* Web page caption snippets *
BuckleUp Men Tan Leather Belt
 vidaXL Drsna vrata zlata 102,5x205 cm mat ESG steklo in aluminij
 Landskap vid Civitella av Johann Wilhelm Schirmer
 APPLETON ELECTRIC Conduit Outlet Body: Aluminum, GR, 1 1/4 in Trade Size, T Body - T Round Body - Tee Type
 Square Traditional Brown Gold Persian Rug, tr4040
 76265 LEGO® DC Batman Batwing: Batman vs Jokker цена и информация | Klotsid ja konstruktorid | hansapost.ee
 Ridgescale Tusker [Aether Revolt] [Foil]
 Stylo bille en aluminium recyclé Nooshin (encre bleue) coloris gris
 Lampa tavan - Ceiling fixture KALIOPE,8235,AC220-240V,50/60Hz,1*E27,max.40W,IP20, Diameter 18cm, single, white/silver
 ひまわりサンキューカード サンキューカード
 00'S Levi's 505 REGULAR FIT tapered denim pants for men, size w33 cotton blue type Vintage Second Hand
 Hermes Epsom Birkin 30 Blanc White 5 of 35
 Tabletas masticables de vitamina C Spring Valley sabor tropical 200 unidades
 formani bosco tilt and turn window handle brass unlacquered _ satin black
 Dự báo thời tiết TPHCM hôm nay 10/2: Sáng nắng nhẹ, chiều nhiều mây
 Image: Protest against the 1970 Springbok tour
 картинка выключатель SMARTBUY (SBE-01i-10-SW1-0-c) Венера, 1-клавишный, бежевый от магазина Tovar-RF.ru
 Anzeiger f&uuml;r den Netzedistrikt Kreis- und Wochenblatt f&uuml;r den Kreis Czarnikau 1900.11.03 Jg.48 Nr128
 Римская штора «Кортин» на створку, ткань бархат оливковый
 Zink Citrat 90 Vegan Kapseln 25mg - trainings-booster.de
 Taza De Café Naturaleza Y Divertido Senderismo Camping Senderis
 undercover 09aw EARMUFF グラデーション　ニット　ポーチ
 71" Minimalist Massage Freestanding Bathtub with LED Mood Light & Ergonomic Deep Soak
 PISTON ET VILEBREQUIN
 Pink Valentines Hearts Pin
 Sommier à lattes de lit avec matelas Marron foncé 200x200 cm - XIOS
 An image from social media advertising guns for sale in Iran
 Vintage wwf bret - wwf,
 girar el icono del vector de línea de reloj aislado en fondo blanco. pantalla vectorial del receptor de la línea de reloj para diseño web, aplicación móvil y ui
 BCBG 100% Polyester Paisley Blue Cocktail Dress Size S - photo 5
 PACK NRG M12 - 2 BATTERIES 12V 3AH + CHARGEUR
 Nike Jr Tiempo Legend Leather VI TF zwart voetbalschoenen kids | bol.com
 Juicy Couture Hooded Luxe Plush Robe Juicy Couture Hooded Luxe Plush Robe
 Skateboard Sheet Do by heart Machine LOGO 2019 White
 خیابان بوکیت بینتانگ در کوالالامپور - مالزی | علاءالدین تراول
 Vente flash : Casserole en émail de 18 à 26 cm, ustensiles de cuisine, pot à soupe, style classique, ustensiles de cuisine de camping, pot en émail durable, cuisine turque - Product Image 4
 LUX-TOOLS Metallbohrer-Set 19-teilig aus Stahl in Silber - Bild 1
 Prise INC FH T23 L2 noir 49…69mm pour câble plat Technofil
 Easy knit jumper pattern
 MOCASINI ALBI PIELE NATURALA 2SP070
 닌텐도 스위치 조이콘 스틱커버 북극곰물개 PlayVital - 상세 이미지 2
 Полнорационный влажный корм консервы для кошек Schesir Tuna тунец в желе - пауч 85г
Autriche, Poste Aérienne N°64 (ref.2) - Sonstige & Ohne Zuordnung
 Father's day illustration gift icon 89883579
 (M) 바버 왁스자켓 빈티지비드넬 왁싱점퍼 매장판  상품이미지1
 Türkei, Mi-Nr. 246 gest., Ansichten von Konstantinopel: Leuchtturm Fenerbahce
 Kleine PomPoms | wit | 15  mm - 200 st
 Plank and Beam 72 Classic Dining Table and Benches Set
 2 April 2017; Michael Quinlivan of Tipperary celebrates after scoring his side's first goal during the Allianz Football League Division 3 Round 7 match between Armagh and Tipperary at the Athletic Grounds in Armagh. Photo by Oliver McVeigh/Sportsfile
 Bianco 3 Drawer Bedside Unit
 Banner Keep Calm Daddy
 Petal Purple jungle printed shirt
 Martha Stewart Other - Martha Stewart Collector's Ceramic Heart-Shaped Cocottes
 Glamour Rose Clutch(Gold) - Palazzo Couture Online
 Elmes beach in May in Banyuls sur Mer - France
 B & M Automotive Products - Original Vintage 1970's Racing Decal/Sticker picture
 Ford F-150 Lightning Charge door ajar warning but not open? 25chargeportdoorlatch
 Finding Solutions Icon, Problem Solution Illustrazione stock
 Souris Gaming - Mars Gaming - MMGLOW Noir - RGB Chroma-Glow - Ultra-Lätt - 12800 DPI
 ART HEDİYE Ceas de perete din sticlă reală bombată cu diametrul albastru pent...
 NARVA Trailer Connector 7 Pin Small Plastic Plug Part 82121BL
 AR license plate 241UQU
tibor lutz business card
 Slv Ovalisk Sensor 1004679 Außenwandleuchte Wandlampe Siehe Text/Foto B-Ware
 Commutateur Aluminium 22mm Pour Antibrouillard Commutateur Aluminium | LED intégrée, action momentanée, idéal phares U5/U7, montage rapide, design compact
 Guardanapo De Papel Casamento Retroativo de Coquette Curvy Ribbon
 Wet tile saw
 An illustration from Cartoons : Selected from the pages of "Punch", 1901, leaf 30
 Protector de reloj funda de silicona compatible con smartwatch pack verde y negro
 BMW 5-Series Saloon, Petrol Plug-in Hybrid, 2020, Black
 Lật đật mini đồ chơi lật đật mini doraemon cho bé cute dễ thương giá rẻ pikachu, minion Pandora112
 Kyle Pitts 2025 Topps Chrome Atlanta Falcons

* INSTRUCTIONS FOR THE TASK *
In the entries above, find the line with "Autriche, Poste Aérienne" and the line with "Kleine PomPoms |", then restate word for word both of them and every line between, with nothing more.

* SOLUTION TO THE EXERCISE *
Autriche, Poste Aérienne N°64 (ref.2) - Sonstige & Ohne Zuordnung
 Father's day illustration gift icon 89883579
 (M) 바버 왁스자켓 빈티지비드넬 왁싱점퍼 매장판  상품이미지1
 Türkei, Mi-Nr. 246 gest., Ansichten von Konstantinopel: Leuchtturm Fenerbahce
 Kleine PomPoms | wit | 15  mm - 200 st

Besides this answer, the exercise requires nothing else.